SUPPLIED ENTRIES START
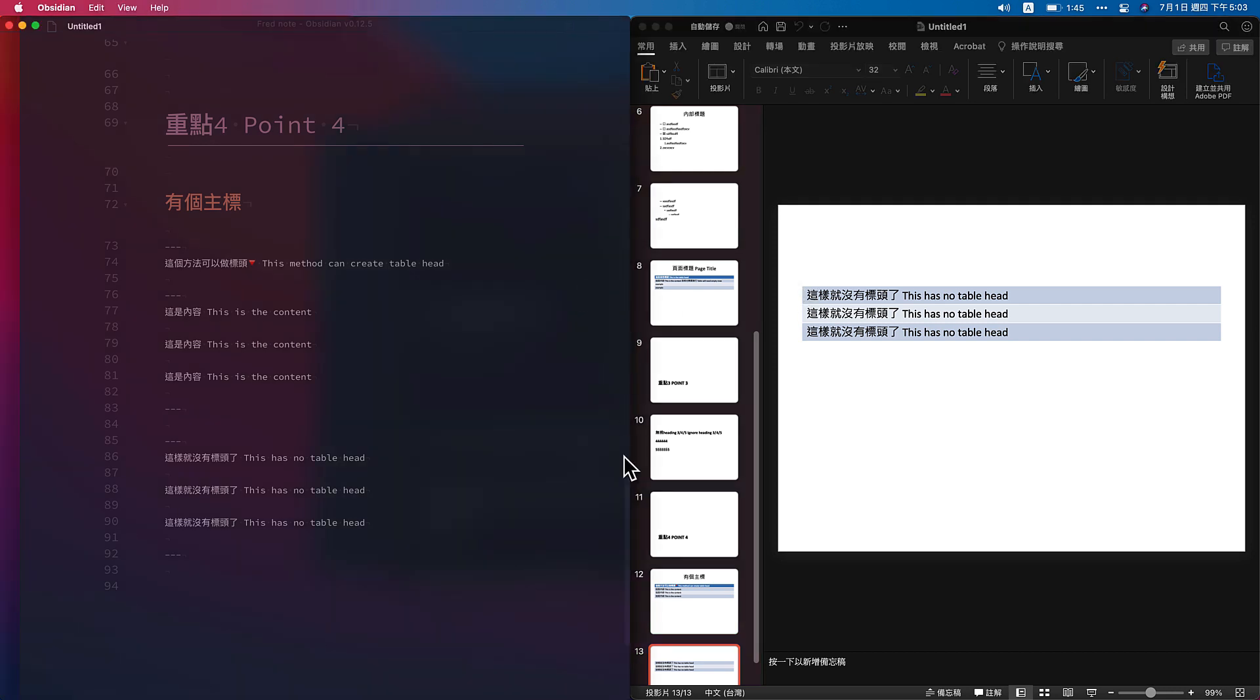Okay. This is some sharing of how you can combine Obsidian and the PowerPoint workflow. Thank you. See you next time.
SUPPLIED ENTRIES END
SUPPLIED ENTRIES START
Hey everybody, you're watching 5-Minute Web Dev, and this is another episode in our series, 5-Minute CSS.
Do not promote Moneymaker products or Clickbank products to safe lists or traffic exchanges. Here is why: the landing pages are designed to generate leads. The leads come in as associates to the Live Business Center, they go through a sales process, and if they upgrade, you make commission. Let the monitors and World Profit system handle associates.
SUPPLIED ENTRIES END
Among the entries above, find the line with "Hey everybody, you're" and the line with "Do not promote"; give again exactly these two lines and all lines between them.

#### [WORKED SOLUTION]
Hey everybody, you're watching 5-Minute Web Dev, and this is another episode in our series, 5-Minute CSS.
Do not promote Moneymaker products or Clickbank products to safe lists or traffic exchanges. Here is why: the landing pages are designed to generate leads. The leads come in as associates to the Live Business Center, they go through a sales process, and if they upgrade, you make commission. Let the monitors and World Profit system handle associates.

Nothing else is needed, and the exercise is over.